“THE GRANDFATHER OF CIVIL WAR HISTORIES”: ILLUSTRATED WITH OVER A THOUSAND BRADY PHOTOGRAPHS, IN SCARCE PUBLISHER’S THREE-QUARTER MOROCCO
MILLER, Francis Trevelyan, editor. The Photographic History of the Civil War. New York: Review of Reviews, 1911. Ten volumes. Quarto, publisher's three-quarter navy morocco gilt rebacked with elaborately gilt-decorated spines laid down, original pictorial endpapers, top edges gilt.
First edition of Miller’s famous and important 10-volume photographic history of the Civil War, containing “thousands of scenes photographed 1861-65, with text by many special authorities,” bound in the very scarce publisher’s morocco-gilt.

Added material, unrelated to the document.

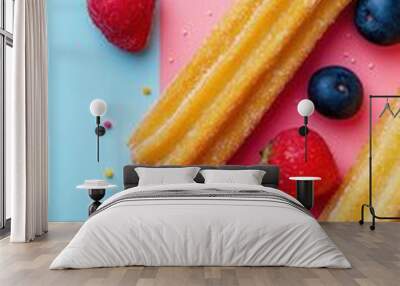 Two fried churros dusted with sugar and surrounded by blueberries, strawberries, and orange slices on a pink and blue background. Wall mural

"This mammoth work… a necessary part of any Civil War library," contains contributions from over 39 eminent individuals, including academicians, President William H. Taft, and veteran officers of both Confederate and Union forces, many of whom wrote from personal experience. A number of the photographs, previously unpublished, are from the collections of private individuals, including the extensive Eldridge Collection of Mathew Brady Civil War photographs, "easily five times larger than that of any contemporary" (Everitt). "Zealous in their work, often regardless of danger, and at all times handicapped by the vexing difficulties of the photographic process of that day," Brady and his assistants "carried their cameras to every scene that promised an interesting picture," capturing "scenes of actual conflict, others of places devastated by gunfire, of troops on the march or in bivouac, and of individual officers and men" (ANB). First signature of Volume X supplied with leaves from another copy. Volume X is second issue, with "2-Ed" in the bottom margin of page 323. Eicher 771. Nicholson, 516.
Interiors fine, minor soiling to a few cloth boards, expert repairs to spine ends.